==== DATA UNDER STUDY

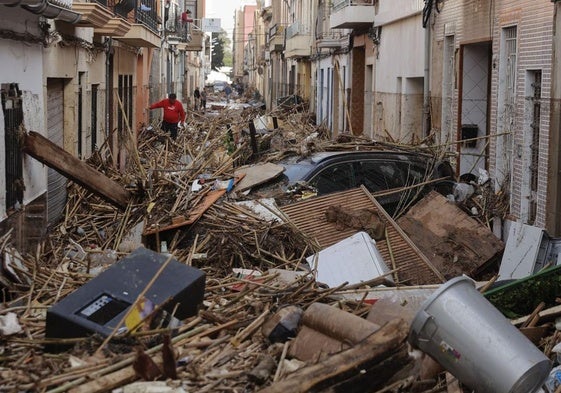 Dramático aspecto de una calle de Paiporta un día después de la dana del 29 de octubre.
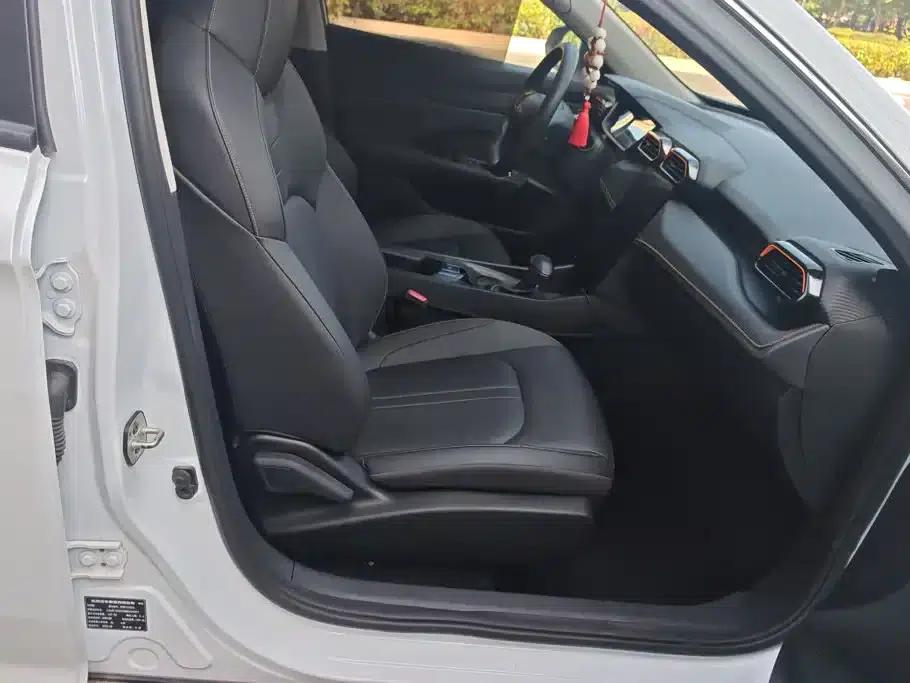 Aeolus Yixuan 2024 1.5L Automatic Sport Edition — миниатюра 8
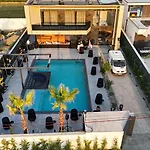 Bliss Luxury *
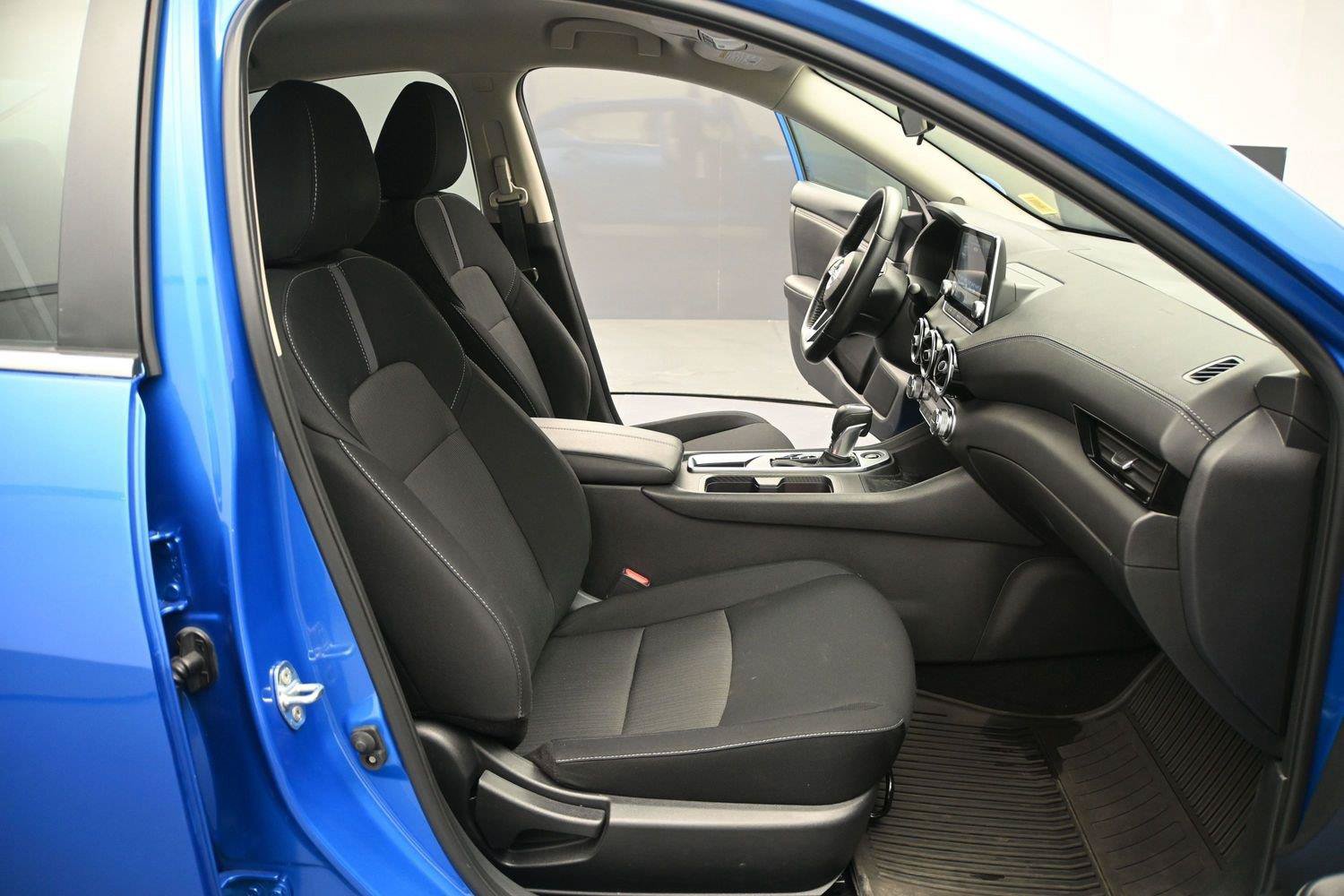 Certified 2023 Nissan Sentra SV w/ All-Weather Package FWD image 15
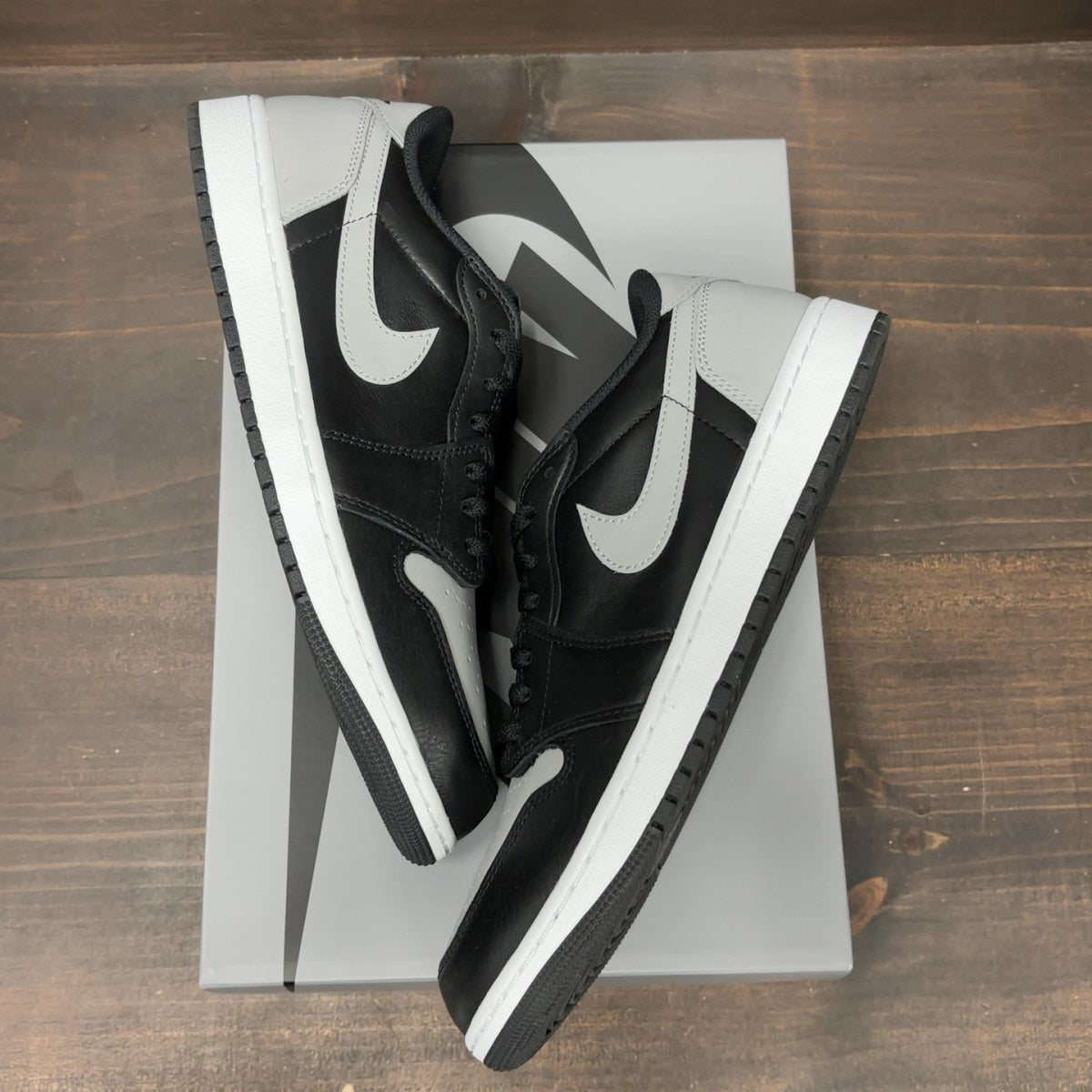 Jordan 1 Retro Low OG Shadow (2024) - Image 2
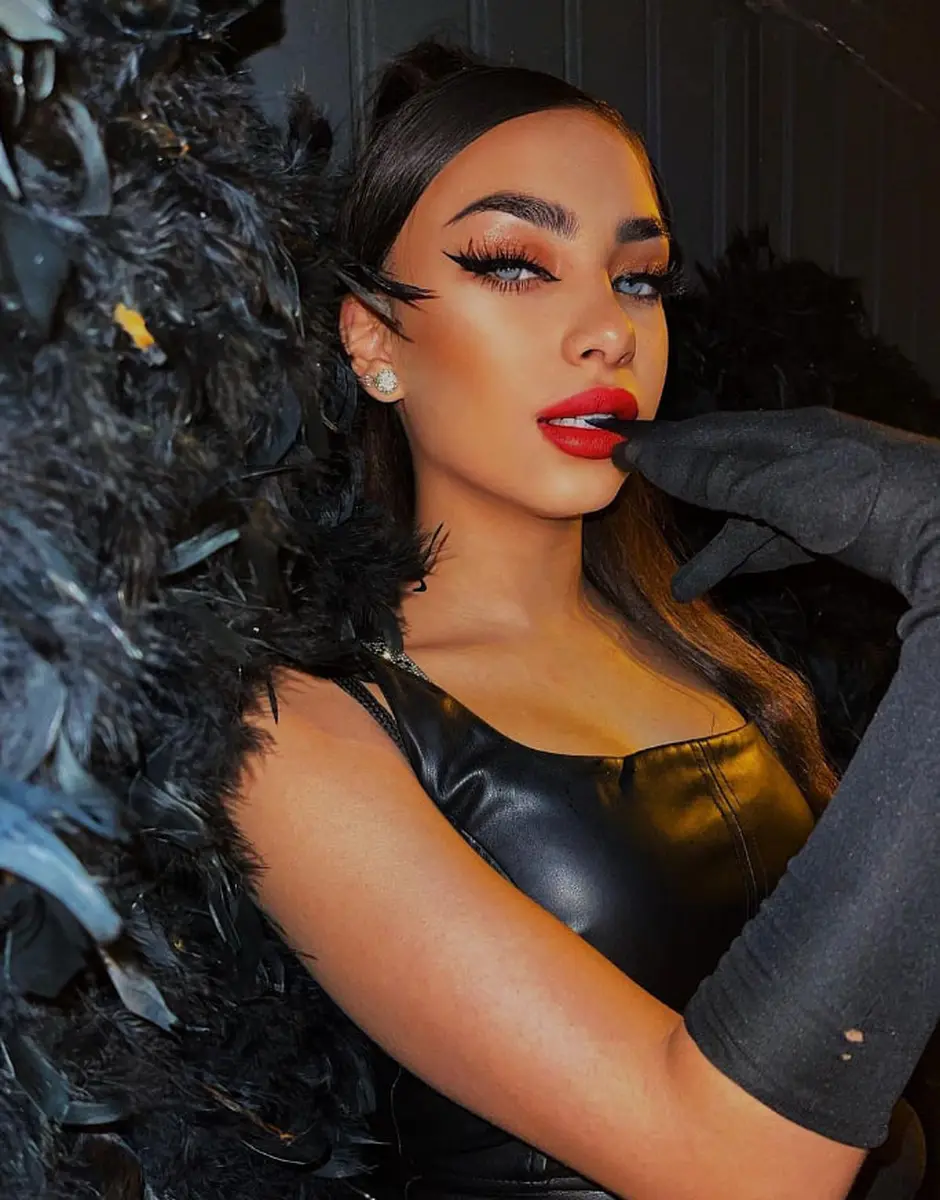 Viola escort in Dubai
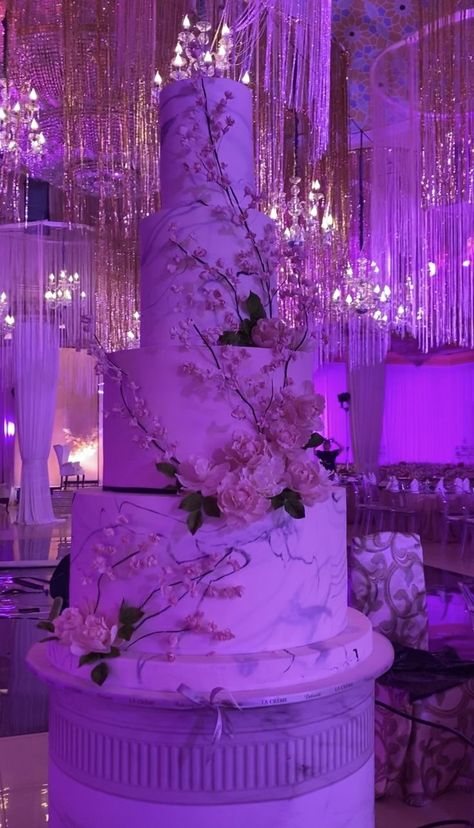 Fancy Wedding Cakes Classy, Debut Cake 18th Elegant, Wedding Cake Aesthetic, Pink Yellow Weddings, Huge Wedding Cakes, Hispanic Wedding, Debut Cake, Winter Wonderland Wedding Theme, Fancy Wedding Cakes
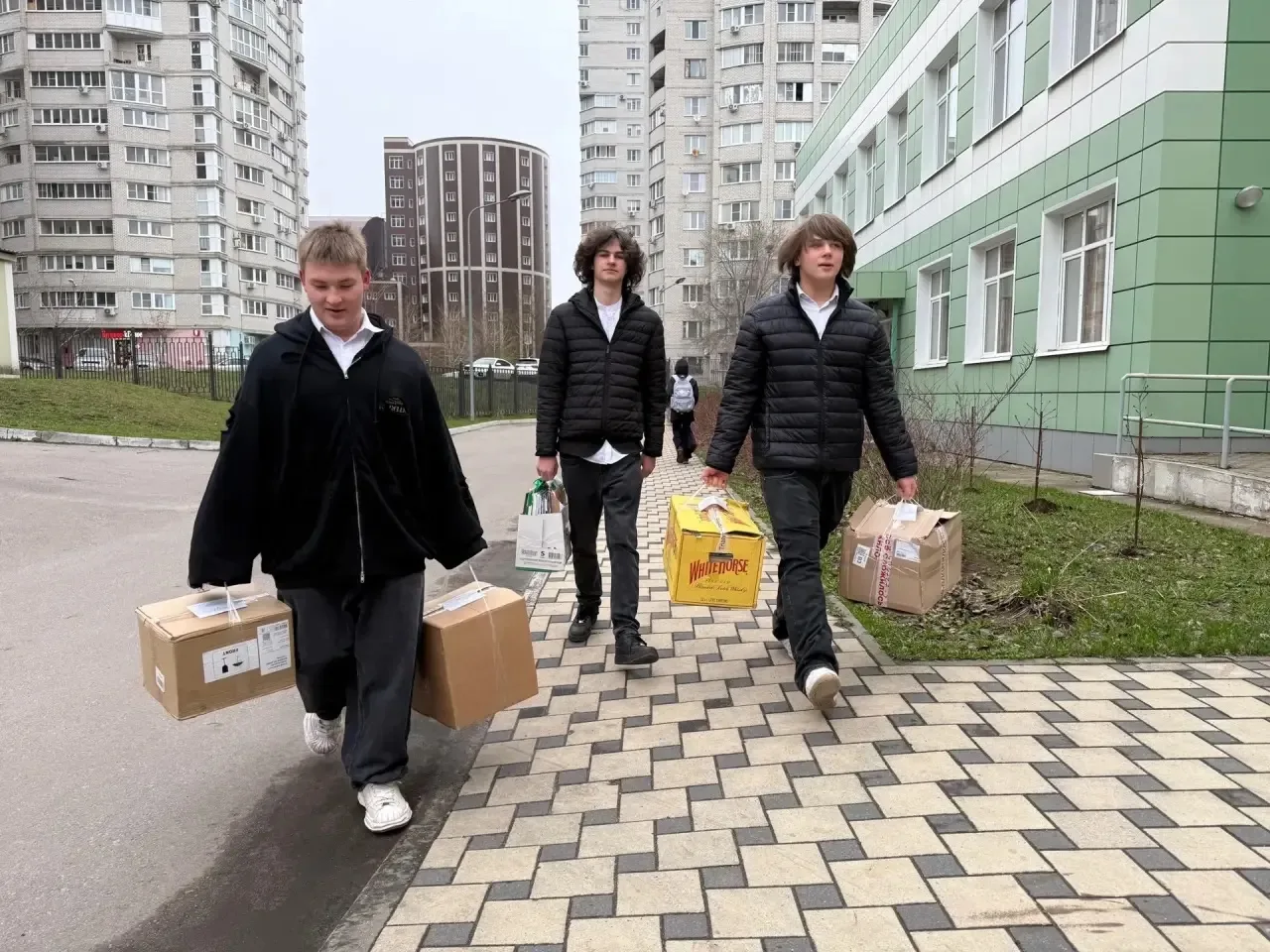 Сегодня в школе №101 прошёл сбор макулатуры  Ученики и сотрудники школы активно приняли участие в эк
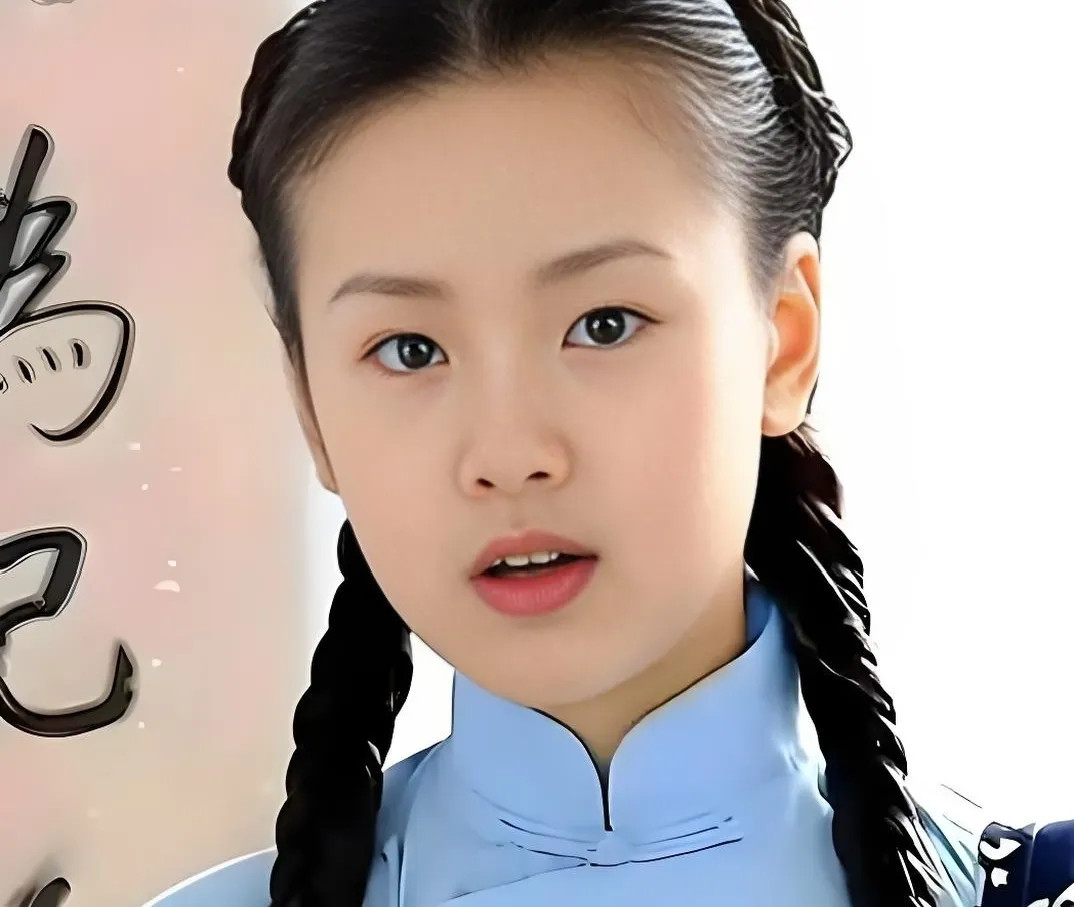 董洁和林心如撞衫同一件学生装，你觉得谁的气质更胜一筹？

========

PROMPT: In the answer, give only the lines from the top of the data above through the line with "Fancy Wedding Cakes Classy, Debut", reproduced exactly; no picture may appear.

SOLUTION FOR THIS EXERCISE:
 Dramático aspecto de una calle de Paiporta un día después de la dana del 29 de octubre.
 Aeolus Yixuan 2024 1.5L Automatic Sport Edition — миниатюра 8
 Bliss Luxury *
 Certified 2023 Nissan Sentra SV w/ All-Weather Package FWD image 15
 Jordan 1 Retro Low OG Shadow (2024) - Image 2
 Viola escort in Dubai
 Fancy Wedding Cakes Classy, Debut Cake 18th Elegant, Wedding Cake Aesthetic, Pink Yellow Weddings, Huge Wedding Cakes, Hispanic Wedding, Debut Cake, Winter Wonderland Wedding Theme, Fancy Wedding Cakes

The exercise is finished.